The trend toward decentralized blogging and personal RSS aggregation has not caught Meerkat's creator, Rael Dornfest, asleep at the wheel. He's cooked up a collection of Perl- and Python-based tools for use and experimentation. Peerkat, written in Python, is a collaborative tool that aims to turbocharge the cycle of reading, selecting, and republishing weblog items. It's really two programs: server.py, and feeder.py. The server has administrative and user modes. In the administrative mode you view, select, and possibly annotate items drawn from a set of RSS feeds. In the user mode, any visitor to your Peerkat node sees the filtered view that is the result of your efforts.

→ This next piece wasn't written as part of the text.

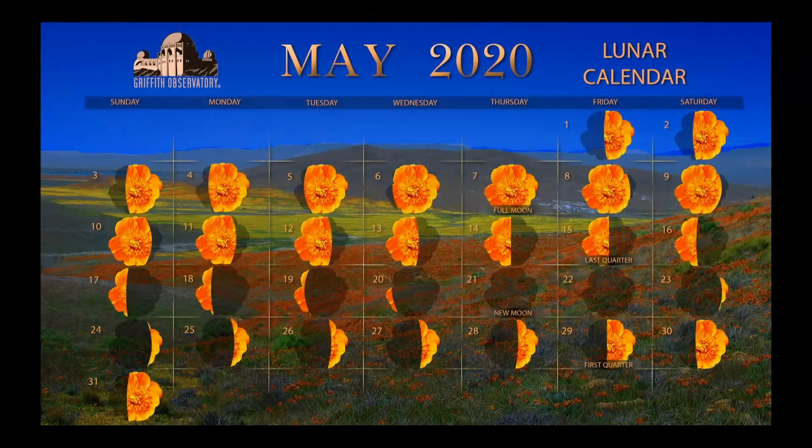And lastly, our moon phases for next month. Full moon is on the 7th, last quarter is on the 15th, new moon — great for dark skies — is on the 21st, and first quarter is the 29th if you want to see the moon right after sunset. And that's it for the sky report.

Peerkat's feeder.py reads RSS using a version of the Orchard module that supports only RSS 1.0 feeds. It wouldn't, therefore, read my Radio UserLand feed, which is RSS .92. But DJ Adams, a Jabber guru who's done some brilliant experimentation involving Radio UserLand and Peerkat, showed me that an upgrade to a newer version of Orchard (0.3.2) extends support to RSS 9.x feeds as well. Worked like a charm.

Like AmphetaDesk and Radio UserLand, Peerkat's application model is that of a script engine which implements a local web server and plays its user interface through that server. The exceptionally crisp and clean Peerkat UI is a reminder that a local web server, coupled with a browser, can produce really useful desktop software.

Closing the loop

The growth of RSS-enabled weblogs makes it increasingly likely that people will find and begin using these personal aggregators. Things have moved a little more slowly than some of us expected. It was only last week, for example, that Blogger Pro announced explicit support for RSS. But things are moving along nicely now. It's annoying to have to worry about the variants of RSS -- the .9x series versus 1.0 -- yet for the most part, tools can hide this mess from users. It's just XML, after all, mechanically transformable from one flavor to another.

We techies tend to think that issues of extensibility and metadata representation are the roadblocks that prevent RSS-enabled communication from reaching its tipping point. I've been as guilty of this as anyone. But recently, in a roomful of wireless bloggers at the O'Reilly Emerging Technologies Conference, it struck me that there's a more basic roadblock. Sam Ruby, in a posting to his weblog, noted that "even experienced bloggers seem to be just discovering" the concept of RSS. The publish/subscribe model is, to be sure, one that even software and networking pros can struggle to wrap their heads around. It's a stretch to apply these same principles of loosely-coupled messaging to the realm of human communication. Lots of people get the idea of publishing blogs to the web. Not so many, as yet, see that publishing an RSS channel, and subscribing to channels, closes the communication loop and creates a new interactive medium. "Aggregation will become part of our everyday information lives in the future," write Jenny Levine at TheShifted Librarian. With the new breed of personal news aggregators, that future is now.


Jon Udell (http://udell.roninhouse.com/) was BYTE Magazine's executive editor for new media, the architect of the original www.byte.com, and author of BYTE's Web Project column. He is the author of Practical Internet Groupware, from O'Reilly and Associates. Jon now works as an independent Web/Internet consultant. His recent BYTE.com columns are archived at http://www.byte.com/tangled/.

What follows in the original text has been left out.